Carpal tunnel syndrome manifests many symptoms, including fatigue, pain, and weakness of grip, loss of dexterity, stiffness, cramping, numbness, cold, and burning. Carpal tunnel syndrome (CTS) may take years to develop and often progresses rapidly if ignored. This syndrome is often brought on through repetitive use, improper ergonomics, and bad body mechanics. If CTS goes untreated, loss of work and income often follow. It has been estimated that Carpal Tunnel Syndrome affects approximately 1% of the U.S. population. It is estimated that 1 million surgeries for carpal tunnel syndrome are performed each and every year. Often overwhelming demands and stress at work contribute to the syndrome. Reducing or managing stress, proper ergonomics, frequent stretching and positional changes can all help to reduce or prevent repetitive injuries.
Carpal tunnel syndrome usually affects the median nerve between the carpal bones of the hand or hands. Other factors that can cause or contributre to carpal tunnel syndrome are edema or water retention in the hands or wrist area, subluxsation or misalignment of the carpal bones in the hand, and Myofascial hyper tonicity (tightness in the fascia of the wrist and arm)
There are other injuries that can cause or mimic carpal tunnel pain. Other potential causes or contributors include neck injuries, such as a bulging or herniated discs, shoulder injuries such as rotator cuff problems, and arthritis and tendonitis. Thoracic outlet syndrome, which is caused by nerve impingement or a lack of or blood supply due to tight muscles in the neck or chest region can also mimic or contribute to carpal tunnel syndrome.

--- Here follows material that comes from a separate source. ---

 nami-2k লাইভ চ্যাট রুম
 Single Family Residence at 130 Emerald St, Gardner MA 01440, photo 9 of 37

The most common first aid treatment is drug therapy. The use of anti-inflammatory and rest reduces swelling and pressure on the median nerve, resulting in the return of proper wrist function. In very advanced cases surgery is an option. It does seem that with the dramatic increase in surgeries that the possibility exists that surgery options are promoted too often and too soon in the course of treatment.

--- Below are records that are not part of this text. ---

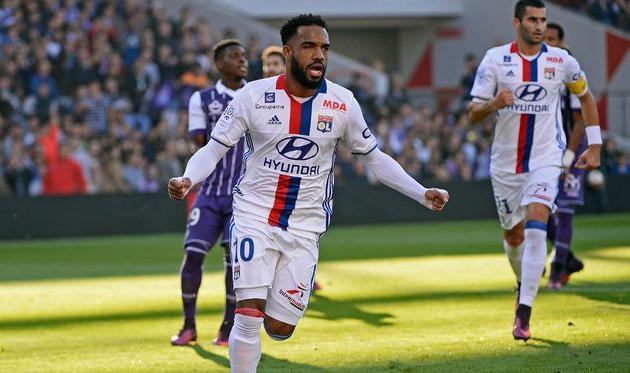 Дубль Александра Ляказетта принес Ткачам важные три очка, olweb.fr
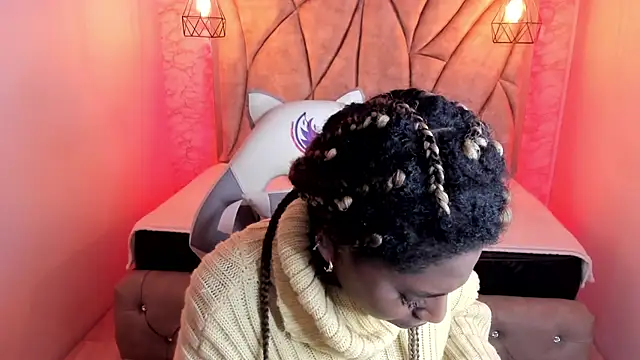 Queen perla  online show from 02/22/25, 12:29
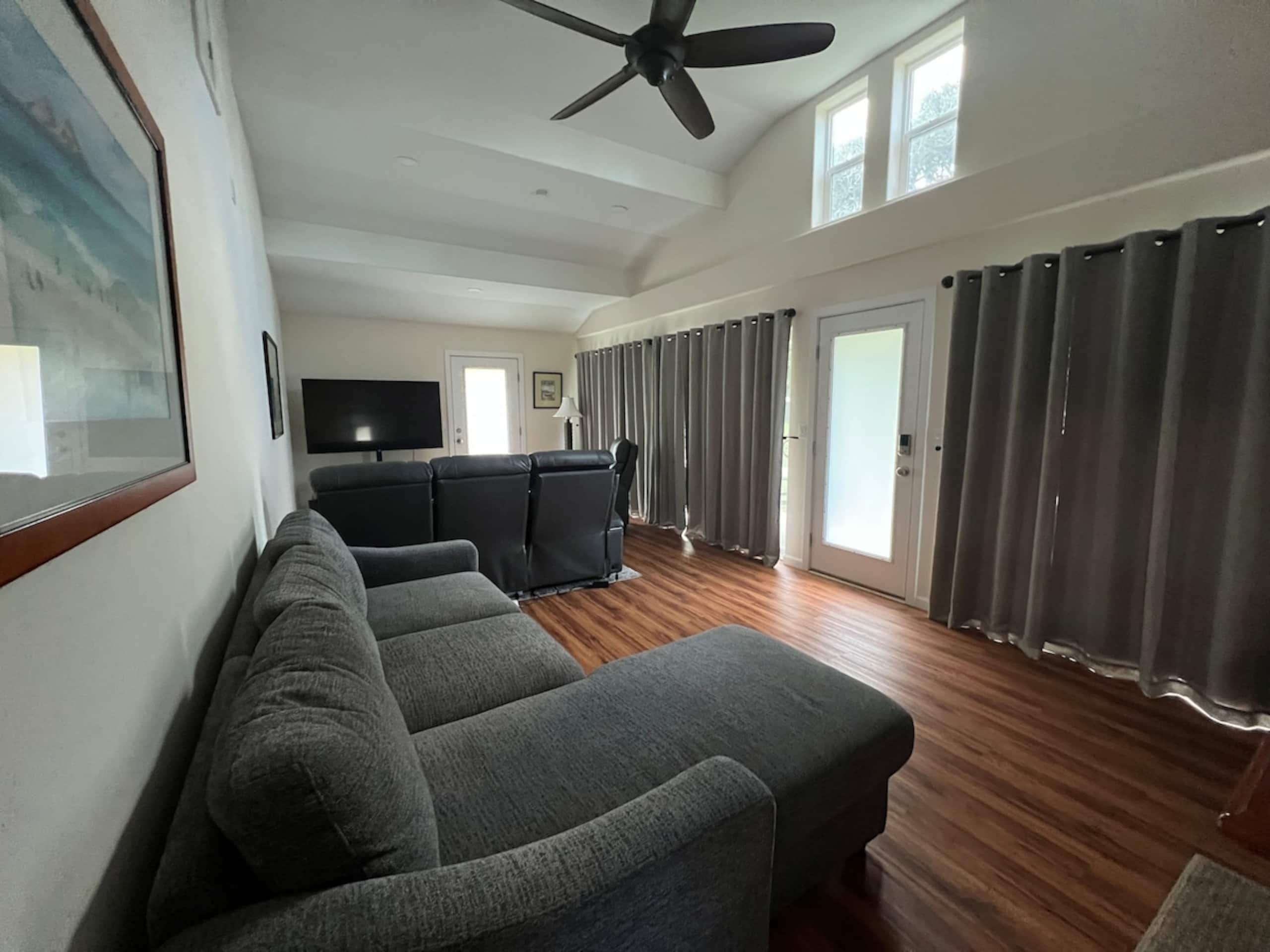 Cozy Private Villa - Photo 2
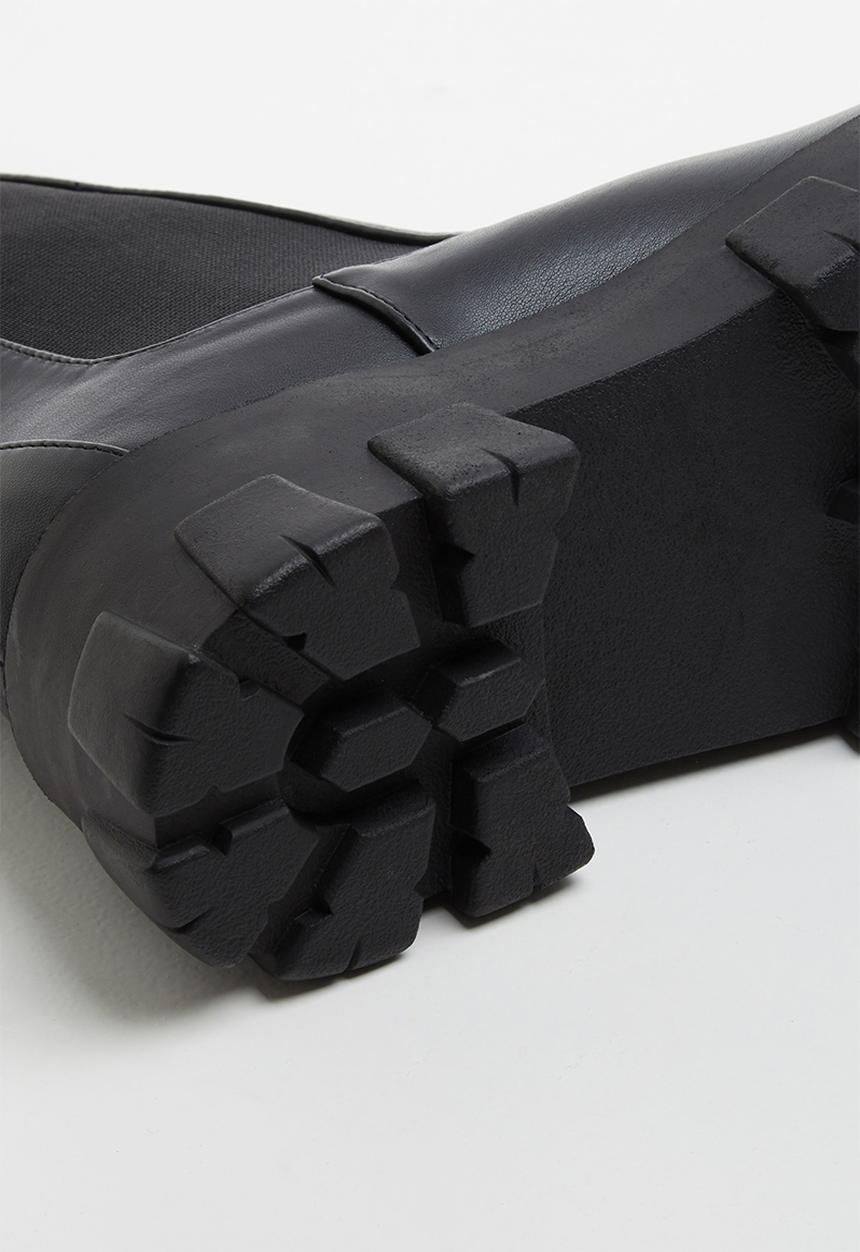 Superbalist - Ayaz chelsea boot - black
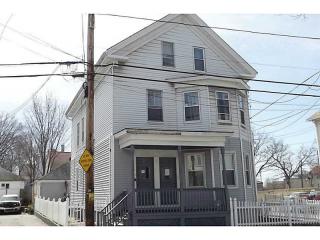 224 Orms St, Providence, RI 02908 exterior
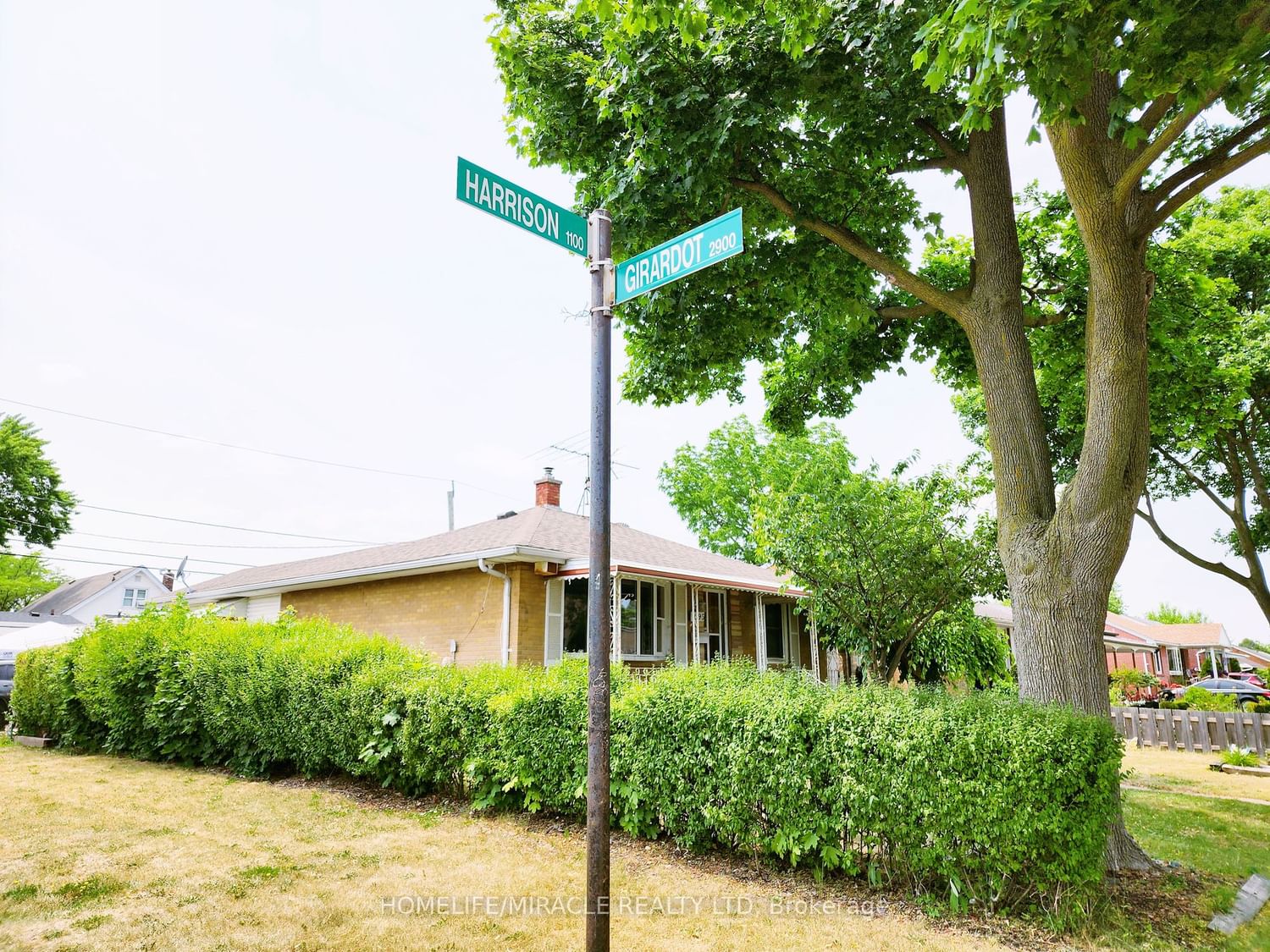 Listing Image 3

Even with the dramatic numbers of surgeries, there are many – both clients and physicians – who explore alternative health solutions prior to surgery. Massage therapy is probably the most often recommended alternative therapy for many types of repetitive strain injuries, and can help in many cases with carpal tunnel syndrom. Massage has the ability to reduce swelling, remove toxins from the injured site, stretch and release traumatized tissue. All this is done safely and without drug or surgery side effects.

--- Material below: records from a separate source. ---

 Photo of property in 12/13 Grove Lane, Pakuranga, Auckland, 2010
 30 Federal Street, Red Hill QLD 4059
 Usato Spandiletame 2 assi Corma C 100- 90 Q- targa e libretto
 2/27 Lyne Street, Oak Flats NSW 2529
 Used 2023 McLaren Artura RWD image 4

Craniosacral and Myofascial Therapies are also indicated for carpal tunnel syndrome. The therapeutic light pressure of these treatments allows the body to unwind congested fascia around the injured area. Fascia wraps muscle unit and fiber, muscle fibril and fascicle, and each muscle cell. This ensheathing layer also wraps the nerves that accompany muscle movement. So it makes sense that safely unwinding this tissue thorough fascial therapy will result in decreased pain and improved range of motion.